Cityview’s Brewfest stands apart regionally as well. The Milwaukee Firkin Craft Beer Festival only boasts about 100 beers; the Michigan’s Brewers Guild is celebrating its 15-year anniversary with a two-day festival that offers the same number of varietals as Brewfest this year (and they call themselves “The Great Beer State”); and the Great Nebraska Beer Fest doesn’t include any brands from abroad.

Considering its growth and evolution, and with the networking and teamwork of all involved, Brewfest is poised for greatness in the beer world for brewers and consumers alike.

Brewfest evolved

With each passing year, Goodman, Bruning, Toyne and I-Cubs account executive Nate Teut, are learning what works, what doesn’t and what the event and its attendees need.

“Jeff (Bruning) has great relationships with the beer vendors. Melinda (Toyne) is a fantastic event planner. Nate (Teut) offers the best facility to have an event like this,” Goodman said. “And we at Cityview know how to promote and reach mass numbers of people through our publications, our websites, social media, our relationships with other media and good, old-fashioned word of mouth. We work well together and have developed friendships that make this more fun than work, and that’s exactly what we wanted to have happen.”

The first noticeable need was more space. That’s why the sampling area moved from the el Bait Shop parking lot to Principal Park. And this year, the area has grown again, making use of most of the concourse and the seating area in the stands for a relaxed, scenic alternative to the crowded concourse.

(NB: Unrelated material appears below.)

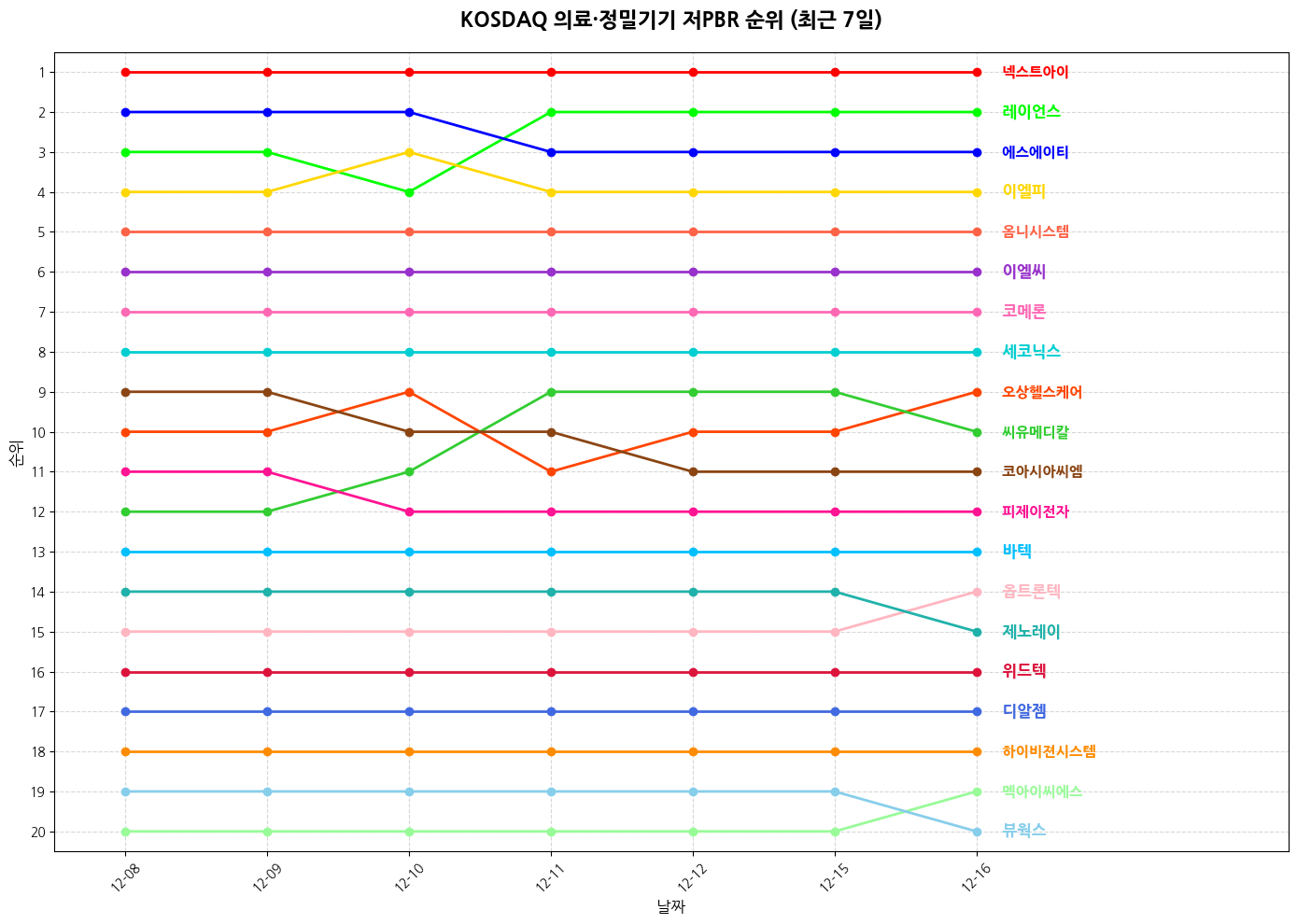 코스닥 의료·정밀기기 저PBR 그래프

“When we first started, people just crammed in; there were groups of people back to back with other groups of people, and it was so congested,” Bruning recalled. “It was basically mindless beer pouring, and it turns into a beer drinking game rather than a beer experience. This year, there will be breaks in the action with other options, which helps to break up the crowd and spread the crowd out.

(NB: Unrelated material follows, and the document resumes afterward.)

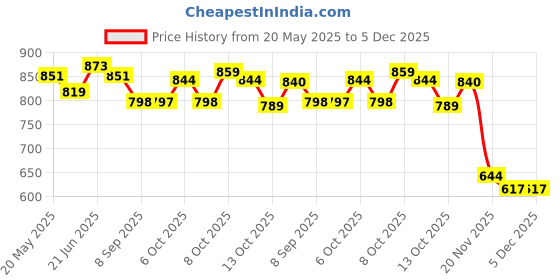 flipkart.com baluda Glass Serving Bowl Ice Cream Bowls Dessert Bowls Sundae Bowls Set Glass Disposable Dessert Bowl baluda Price History Graph from 20 May 2025 to 5 Dec 2025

“I encourage attendees to talk to the people pouring their beers,” Bruning advised. “These people are pros, and they earn a living on beer — on people liking beer. They can answer any and all questions people might have, plus there will be some home brewers there who can help out, too — people who really know their craft. Talk to them.”

The second and third things Brewfest needed were shelter to keep people out of the weather elements and parking. Both were solved three years ago when the event moved to Principal Park where there’s plenty of free parking and a covered structure.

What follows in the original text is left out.